Connor McDavid is breaking hockey as we know it.
That’s not hyperbole. When was the last time we’ve seen a player dominate game after game the way McDavid has this postseason? I joked last week the NBA and NHL switched roles this postseason – the NBA conference finals are ripe with team-dominated basketball, while NHL fans are watching a superstar of the highest order completely take over games.
That’s the ironic part. We have seen a number of first-ballot Hall of Fame players in the NHL over the past 20 years. Sidney Crosby, Alexander Ovechkin, Pavel Datsyuk – the list goes on and on. The bar they set for what would be considered exceptional performance in a team-dominated sport like hockey could be touched only by the most talented players in the world.
But none of these players is the appropriate comparable for what McDavid is doing right now. In fact, McDavid isn’t even an appropriate comp for what McDavid is doing right now. His play has forced us to reimagine how much a star player can carry a team in the NHL. That’s no slight to the rest of the Oilers. It’s reality. It’s the type of question we tend to ask about NBA legends like Magic Johnson, Michael Jordan, or LeBron James. Not a hockey player.
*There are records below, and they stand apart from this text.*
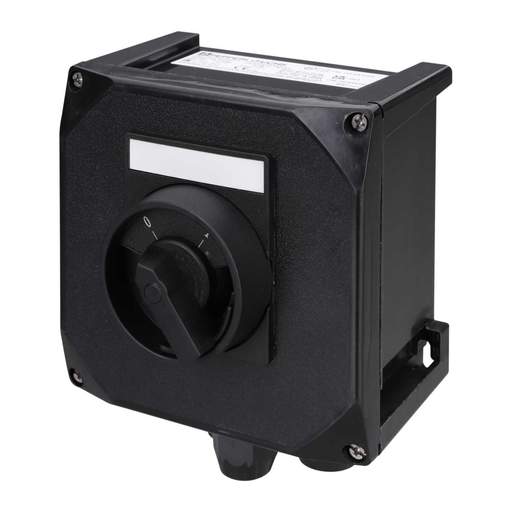 Pepperl & Fuchs 16A 3 Pole Ex GRP Switch Disconnector 1 x NO Auxiliary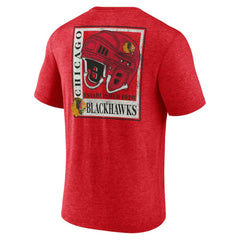 Chicago Blackhawks Earnest Will Tri-Blend T-Shirt - NHL T-shirts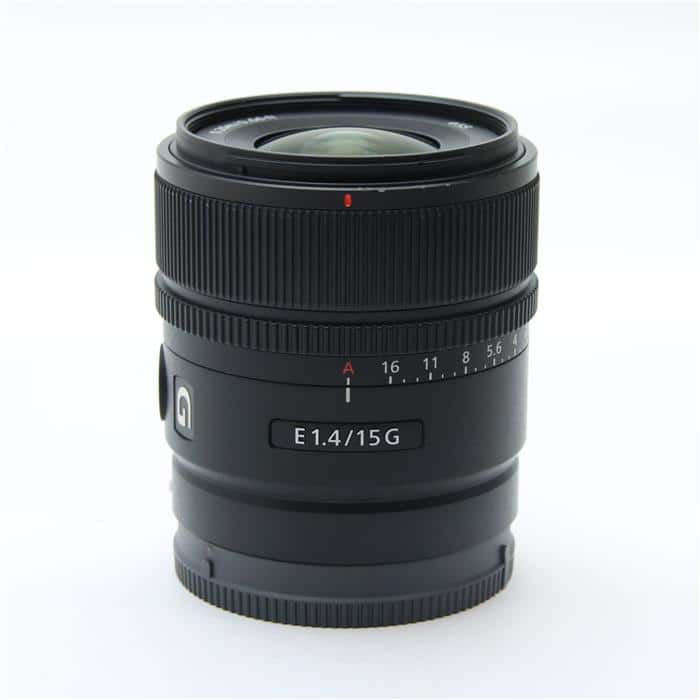 E 15mm F1.4 G SEL15F14G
I will continue to emphasize how unprecedented this is. The below chart shows an overlay of Edmonton’s scoring with McDavid on the ice over the course of his career, as well as expected rate-scoring against (blind to goaltending performance). McDavid is posting unprecedented offensive numbers this postseason, and he’s doing it through comprehensive puck dominance that yields little in the defensive zone:
Yes, you are reading that correctly. Over the course of the postseason, the Oilers are averaging nearly eight goals per 60 minutes of play at even strength.
This isn’t a player amid a white-hot shooting run, or a guy who is relying on special teams dominance to drive scoring. And though it’s over a stretch of 11 games, it’s also against two playoff-calibre clubs – one of which is a bitter division rival coming off one of the best regular seasons in franchise history.
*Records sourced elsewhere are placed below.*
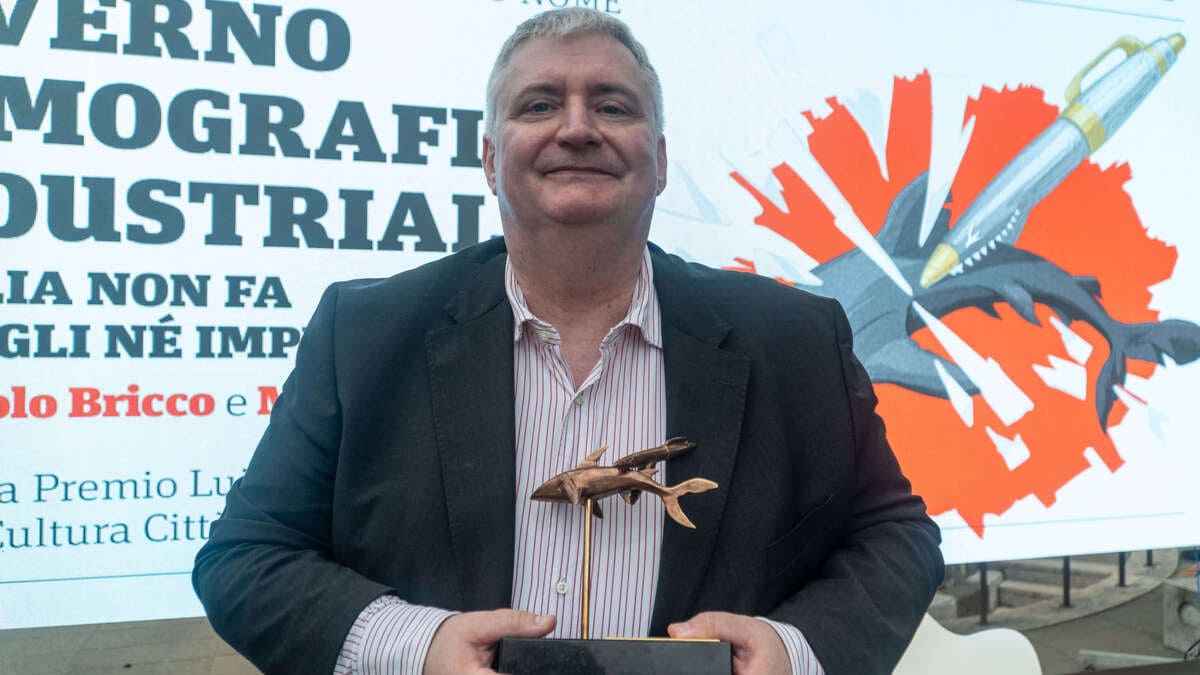 Paolo Bricco Premio Luigi Amicone Caorle Tempi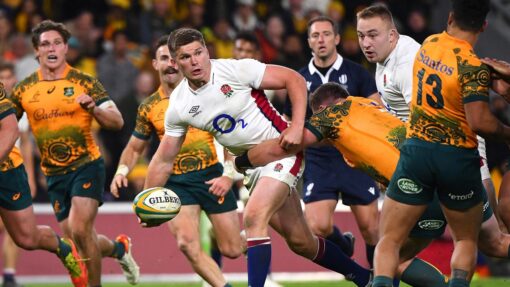 RUGBY AUSTRALIA ENGLAND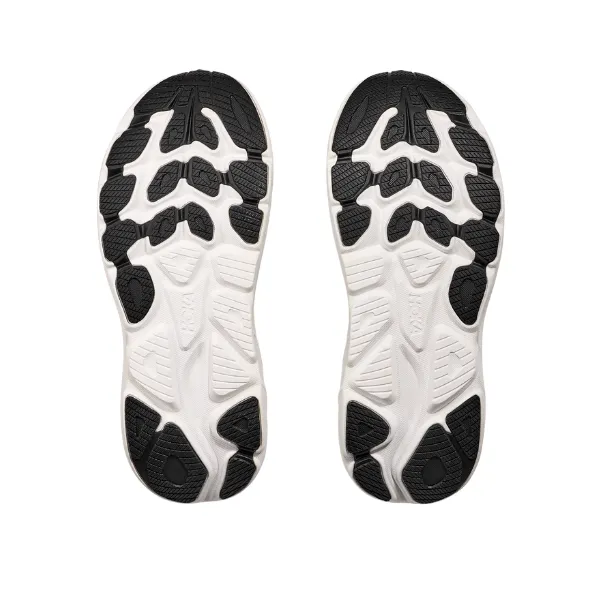 Hoka Men's Clifton 10 Wide Black/White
But the Flames, like the Kings in the first round, have no answer for this type of production. Who could? Consider the data we do have for every playoff forward over the past 15 years. The table shows the highest yields in terms of individual scoring (all situations). Can you find anything remotely comparable?
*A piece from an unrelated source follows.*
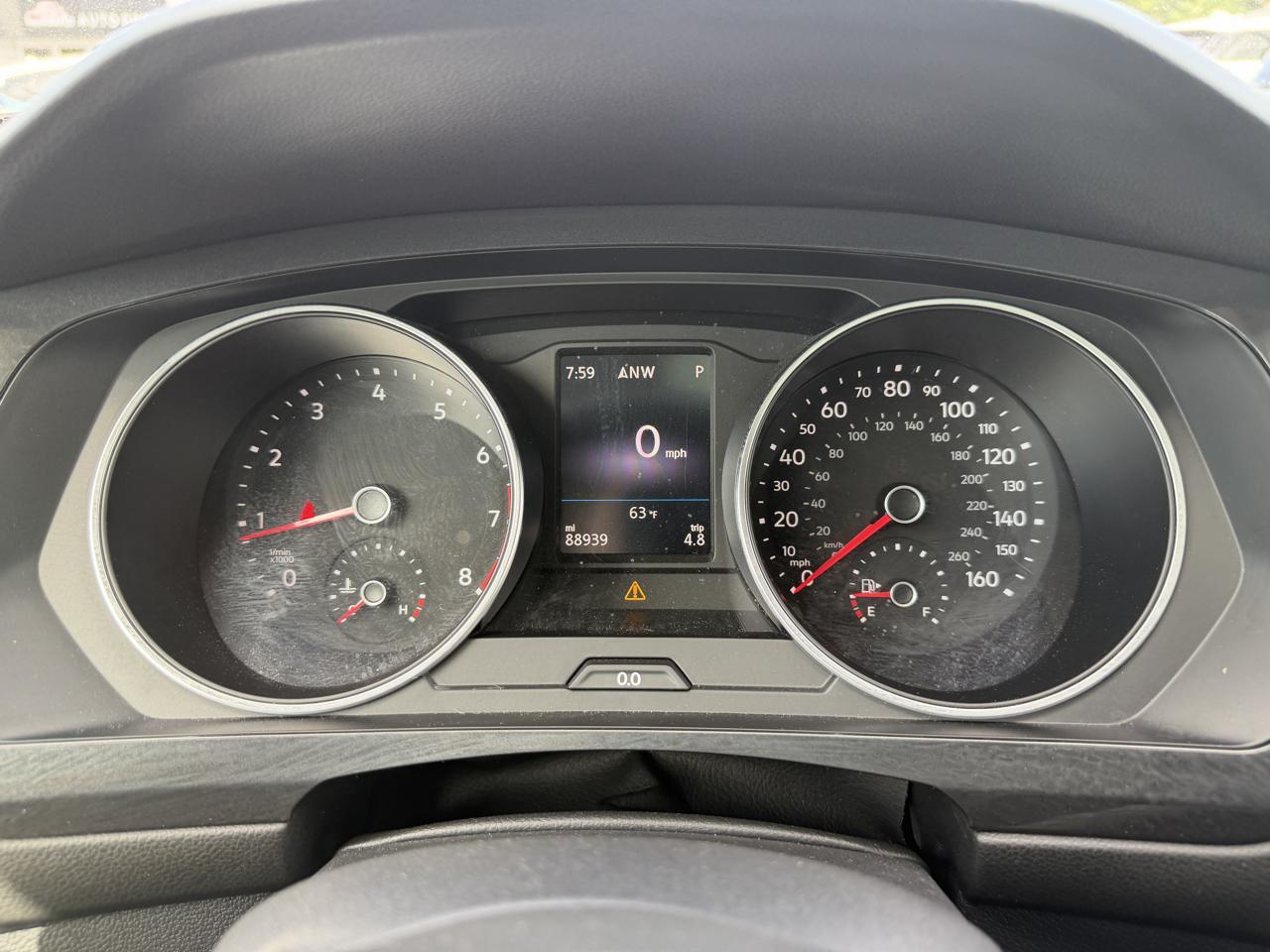 Volkswagen Tiguan SEL 4Motion 2018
Sidney Crosby’s 2017-18 postseason was probably the high-water mark for a forward prior to this season. The Penguins went much deeper in other years, but Crosby’s 21 points (nine goals, 12 assists) in just 12 games was, at the time, hard to fathom.
We have seen plenty of other great scoring performances. Nikita Kucherov’s 35 points in 2019-20 was the most we have seen from a single player over the course of a postseason over this period, managing that in 25 games (4.6 points per 60).
Neither are close.
But the McDavid story isn’t just about his own scoring. It’s how his line scores at will, largely off his presence, playmaking, and ability to push the pace of play in a way opposing defences simply cannot handle.
What if we looked at the same offensive leaders, but this time focused on total goals scored with a player on the ice? It’s more indicative of team strength, and a better indicator of how far a team may be able to push into the playoffs. This table includes only players meeting or exceeding McDavid’s ice time so far this postseason:
Think about this: Nathan MacKinnon’s playoff run two years ago, which we all rightfully fawned over, saw his line in Colorado scoring at a clip 30 per cent lower than McDavid’s line is in this postseason.
I’m fascinated to see how long this can continue. For close to two decades, we have prognosticated that team talent and team depth wins Stanley Cups. The data still supports that theory. But a unicorn has found his way into the Edmonton lineup, and this sort of math fundamentally changes how we understand this sport.
Appreciate greatness. We haven’t seen anything like this in a long, long time.